Monday, July 14, 2008

International Adoption

When I originally signed up for the trip to Sierra Leone to work in the orphanage, in the back of my mind there was always the possibility of some route toward adoption. Not for me personally - but to facilitate adoptions for others. Why wouldn't this be something amazing - taking children from the poorest country in the world and blessing them with homes?

As a birthmother, I have been involved in adoption for almost a decade. I think it is an amazing, wonderful gift that creates the blessing of a family. The thought of opening an adoption agency with my brilliant and beautiful friends, Dierdre - adoption guru, M.A., LPC and Melissa - wonder attorney, had even been recently discussed by the three of us.

The shadowy underworld of adoptions that has left many couples heart-broken and out of cash and young women being treated as a means to an end should be a thing of the past in America. Sadly it is not. So the idea of founding an agency that was based on the principles of ethical, affordable adoption is a cause I can rally behind any day of the week.

Since coming home, in sharing my pictures and stories about the orphans of Wellington, several compassionate souls have inquired as to their availability to be adopted.

I was surprised when I found myself alarmed and agitated by the thought. Lately, many things we (especially me) do in the Disneyland of America has become a source of agitation in light of how much others lack across the globe.

But these children have a family. They have 32 sisters and 43 brothers, and Pastor Hassan and his wife are their parents. They are close, protective and loving of each other.

The young girls cry when their older brothers must leave for boarding school. Who will protect them now from harassment of the men in the streets as they walk to school?

I know the love and closeness of the Wellington orphanage may not be the standard norm. Undoubtedly there are many children who are not loved by their caretakers nor consider their fellow orphans as siblings.

But even if they don't - is it our power to make this the reality at more orphanages?

What if instead of spending the $40,000 - $50,000 we spend to rescue one child and leave the rest behind - we spent $40,000- $50,0000 on supplying water, health care, quality, loving caretakers, education and hope to the entire orphanage for a decade?
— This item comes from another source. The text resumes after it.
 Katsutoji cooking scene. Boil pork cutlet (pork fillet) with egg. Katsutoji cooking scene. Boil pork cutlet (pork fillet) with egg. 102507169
There are appx 300,000 foster children in America that are in need of loving, permanent homes. Domestic, foster-care adoptions typically are a fraction of the cost of adopting internationally.

And what of children who have been taken from there parents in foreign countries (at the parent's request) who were so poor they couldn't afford to feed them - would it not be better to spend the $40,000 to $50,000 on providing the entire family shelter, food and hope for a decade?

Wellington is filled with the brightest and most amazing children. They are the hope of Sierra Leone. They have a vision and a dream to rebuild their country - because that has been instilled in them by Pastor Hassan and the mission teams working with them.

If they were adopted - it would leave a gaping hole in the intellectual and visionary capital so desperately needed to save an impoverished nation.